# Final Round:Come in quest´ora bruna. Gheorghiu, Freni, Te Kanawa, Tebaldi



## Seattleoperafan (Mar 24, 2013)

We had a tie that beat out Farrell, who people seemed to go crazy over. You never know.


----------



## MAS (Apr 15, 2015)

I voted for two of the finalists, Gheorghiu and Te Kanawa. The latter was my first encounter with the role and the opera in San Francisco and captivated me completely. Memories are powerful. Plus, the Te Kanawa voice as recorded has a bit more glamor than Gheorghiu’s.


----------



## Seattleoperafan (Mar 24, 2013)

MAS said:


> I voted for two of the finalists, Gheorghiu and Te Kanawa. The latter was my first encounter with the role and the opera in San Francisco and captivated me completely. Memories are powerful. Plus, the Te Kanawa voice as recorded has a bit more glamor than Gheorghiu’s.
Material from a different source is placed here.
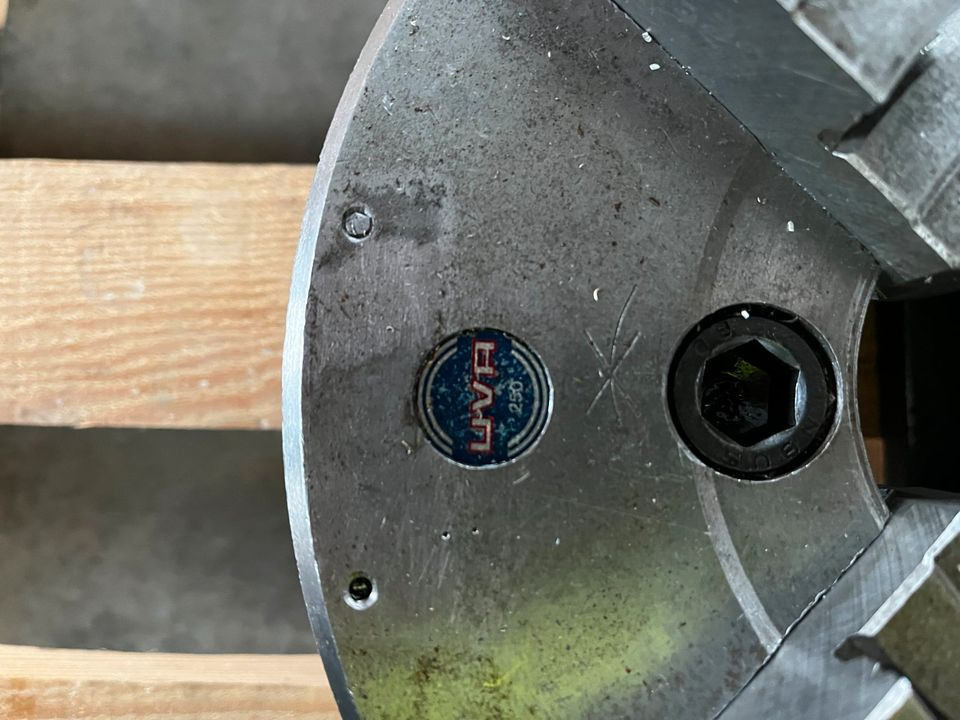 Drehfutter Vierbackenfutter Drehmaschinenfutter d= 250mm - Металлообрабатывающий станок: фото 5 Drehfutter Vierbackenfutter Drehmaschinenfutter d= 250mm - Металлообрабатывающий станок: фото 5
You were so lucky to hear so many wonderful singers in person!!!


----------



## Woodduck (Mar 17, 2014)

I see a three way tie between Farrell, Freni and Te Kanawa in round 2. Why isn't she here?


----------



## MAS (Apr 15, 2015)

Woodduck said:


> I see a three way tie between Farrell, Freni and Te Kanawa in round 2. Why isn't she here?
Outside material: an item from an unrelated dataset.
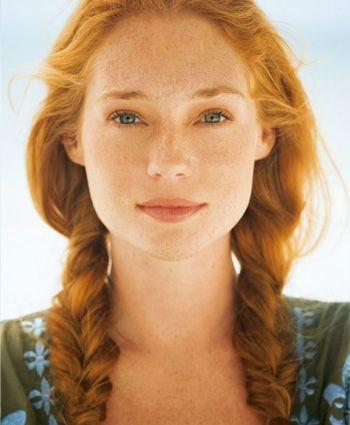 Guys, physically, what does your dream girl look like?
It wasn’t so when I checked this morning.


----------



## ColdGenius (9 mo ago)

I did it. 😁 I was scares of time previous several days.


----------



## MAS (Apr 15, 2015)

Seattleoperafan said:


> You were so lucky to hear so many wonderful singers in person!!!


No one knows it better than I how lucky we were that the San Francisco Opera was such a strong company. The _Intendant _at its zenith was Kurt Herbert Adler, who had the same _animus _that Rudolf Bing had (they were both Austrian) and a European tradition, and knew how to attract artists to his company. A lot of them were very loyal to him.


----------



## Op.123 (Mar 25, 2013)

This is a little lackluster for a finale. None would be my pick but as it is I'll gone with Tebaldi. Farrell would have been better, or even Stella who wasn't present in the contest but recorded a beautiful version on the early Cetra recording.


----------



## nina foresti (Mar 11, 2014)

Easy pickin's.
There's Gheorghiu and then there's all the rest.
Nothing touches that beautiful performance. What a stunning voice - and that last high note and held ending are exceptional as well. For me, it's a runaway.


----------



## Francasacchi (7 mo ago)

Op.123 said:


> This is a little lackluster for a finale. None would be my pick but as it is I'll gone with Tebaldi. Farrell would have been better, or even Stella who wasn't present in the contest but recorded a beautiful version on the early Cetra recording.


I voted for Tebaldi.


----------



## Woodduck (Mar 17, 2014)

Gheorghiu is the most interesting one here. Farrell would have been my pick.


----------



## Seattleoperafan (Mar 24, 2013)

Op.123 said:


> This is a little lackluster for a finale. None would be my pick but as it is I'll gone with Tebaldi. Farrell would have been better, or even Stella who wasn't present in the contest but recorded a beautiful version on the early Cetra recording.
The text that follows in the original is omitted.